A la rentrée de janvier, je pouvais croire les compteurs remis à zéro, mais Monsieur Chiapporée m'a douché. A la première incartade : "Follacci, vous avez la mémoire courte ? Moi pas !". Et encore deux ou trois mercredis à guetter Sosthène, vingt jours à se tenir à carreau.

Le sursis a ainsi couru toute l'année et nous sommes arrivés en juin sans que Sosthène dégaine, mais à chaque écart, un simple regard appuyé de Monsieur Chiapporée suffisait désormais pour me condamner encore à deux semaines fermes d'angoisse et de calme forcés.

J'ai fait, cette année-là, d'honorables progrès en latin et français.



Taper cao * (8)

J'ai pris des dizaines, peut-être des centaines de bains à la piscine du RUA. Dans mon souvenir, l'un d'eux garde un parfum particulier. Fin mai, il est dix heures du matin, l'eau est fraîche et anormalement calme; seules quelques personnes sont là, deux ou trois chemises-pantalons pendent au vestiaire; on est deux dans le bassin, je me prélasse sur le dos en contemplant la "tour Eiffel", ce pylone blanc et rouge qui domine le site. Sans l'exhubérance, les ploufs et le brouhaha habituels je flotte dans une sensation indéfinissable faite de liberté, de solitude, de bravade teintées de vacuité et d'inquiétude.

Ce matin, au bout de la rue Hoche, au lieu d'entrer au lycée sans mon devoir de physique, j'ai continué, descendu les escaliers, traversé la rue Sadi-Carnot et piqué vers le môle et la barque du passeur Négro. Pendant que les autres passent de Bringuier à Bellanger, de la physique à l'anglais, je fais quelques longueurs avant de m'étendre sur les gradins. Des problèmes m'attendent, dans deux trois jours, le temps que l'absence relevée dans le registre de Sosthène transite jusqu'à la boite aux lettres paternelle. Mais, progressivement, le ciment se réchauffe au soleil.

Une autre fois, j'ai quitté le tram en haut de la rue Dumont d'Urville, rasé les murs de la rue de Tanger, tourné rue du coq et plongé dans le Marivaux qui affichait de Jules Dassin "Du rififi chez les hommes". Durant les cours de philo, les "hommes" ont patiemment percé le plafond de la bijouterie en recueillant les gravois dans un parapluie puis Magali Noël a chanté en érotique ombre chinoise, Robert Manuel a trahi, Robert Hossein a eu sa dose d'héroïne et enfin Tony le Stéphanois, Jean Servais, a expiré dans son cabriolet en ramenant l'enfant-otage qu'il avait délivré.

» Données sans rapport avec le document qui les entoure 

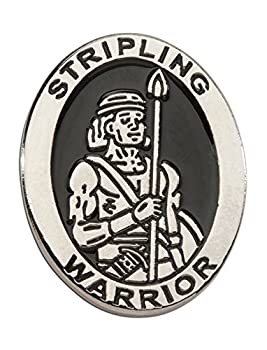【中古】【輸入品・未使用】LDS Stripling Warrior Tie Tac (シルバートーン)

Tout ça, après, m'a valu bien des ennuis (du rififi ?) mais c'était, c'est encore un chef-d'oeuvre. Je ne le rate pas quand il repasse à la TV et, chaque fois, le coeur me frit.

J.P. Follacci, avril 2002

* Dilemme pour l'orthographe. Pour sécher les cours, faire l'école buissonière, tapait-on K.O., kaw ou cao ? On optera pour la dernière (malgré le côté cacao) parce que les linguistes rattachent l'expression à mancaora (manquer l'heure) et que le père de Jean Haas nous a un jour expliqué en nous ramenant dans son Aronde que, de son temps, on "faisait caora".